A while back, some Harvard and MIT researchers looked at all of the Techstars selection data and reviewed how all of those companies did over time. We have always scored companies on a scale of 1 through 4 with 4 being the highest. This ensures that there is no “middle score” and forces some polarization. It’s a bit of a simplification, but what the research found was that the average group score contained much less “signal” than what the higher scorers indicated. In other words, if the group of smart people ranked a company as follows:
Person #1 – 4
Person #2 – 3
Person #3 – 2
Person #4 – 1
Then the average here would be 2.5, which is a relatively low score. You might naturally want to exclude that company from further consideration.

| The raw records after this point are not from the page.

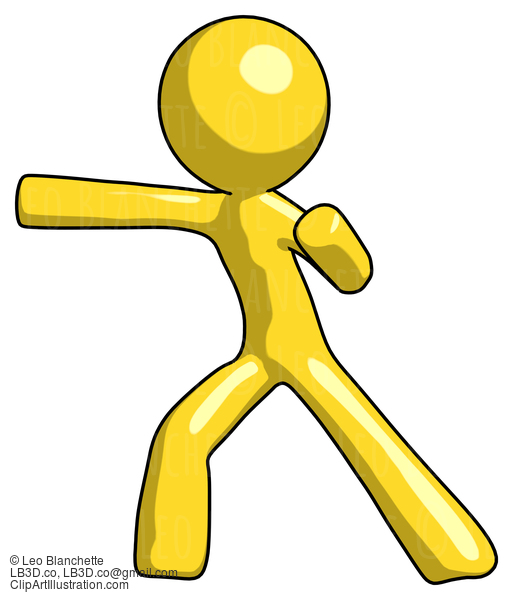 Yellow Design Mascot Man Martial Arts Punch Left #11286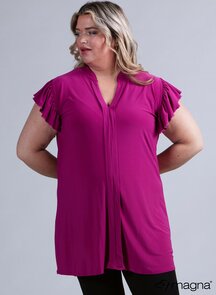 C-2305 Magna Sleeveless Frill Tunic 056 Fucchia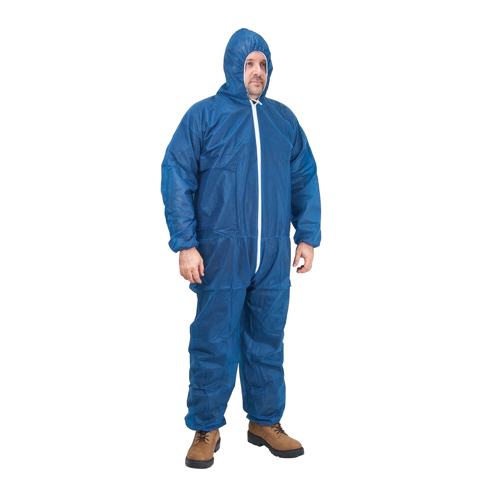Hooded Coveralls, X-Large, Blue, Polypropylene Kelford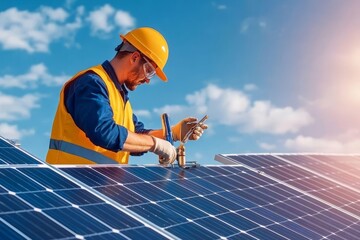 Electrical Engineer Testing Solar Panel Efficiency with Advanced Tools in Flat Design Illustration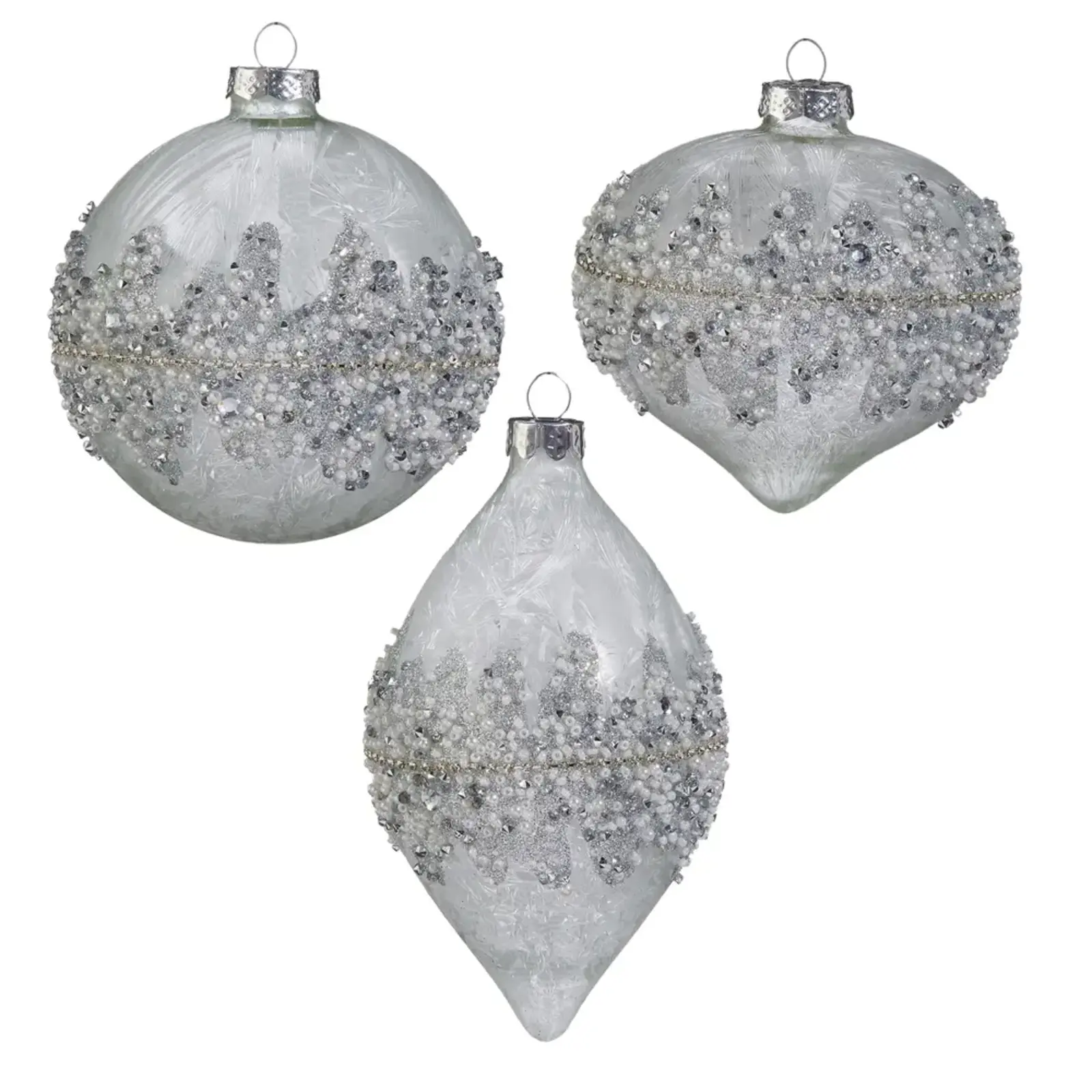 RAZ Imports Inc. 5" White Gem Orn.  - 4624651 loading=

However, the best way to score this for Techstars selection purposes turns out to be by counting the number of fours only. The only scores that would beat this one would have had multiple people scoring it a 4, like this:
Person #1 – 4
Person #2 – 1
Person #3 – 1
Person #4 – 4
Here the average is the same as the previous example, at 2.5. But the signal is “two fours” here, which is a much stronger signal than in the previous example. The research showed that had we been doing that all along, our outcomes would have been even better. So today we pick our companies from amongst those with the highest number of 4s, and not based on the average scores.
As humans, we have a tendency to score things and then respect the opinions of everyone in a weighted fashion. When selecting startups or looking for truly innovative ideas, you have to fight this impulse. This matches well with my own experience over a dozen years of picking startups – my Uber and Twilio picks were instinctual gut reactions from when I was a lone angel investor just learning how to run the first Techstars venture fund. Many other smart people told me Uber was a dumb idea. They would have scored it a 1, bringing the average way down. I also remember telling other investors how silly Twitter was when I first saw it. I would have scored it a 1 also. Averages kill instincts when it comes to startups. Others have learned the same.
A smart group of people with high trust for each other learns to look for signal from those who are most enthusiastic, and learns to ignore the idea of averages. It’s likely that the people voting the top score have some intuition or insight, regardless of the number of naysayers. Learn to respect the outlying data points in any group evaluation, and you’ll make your own team “group smart”.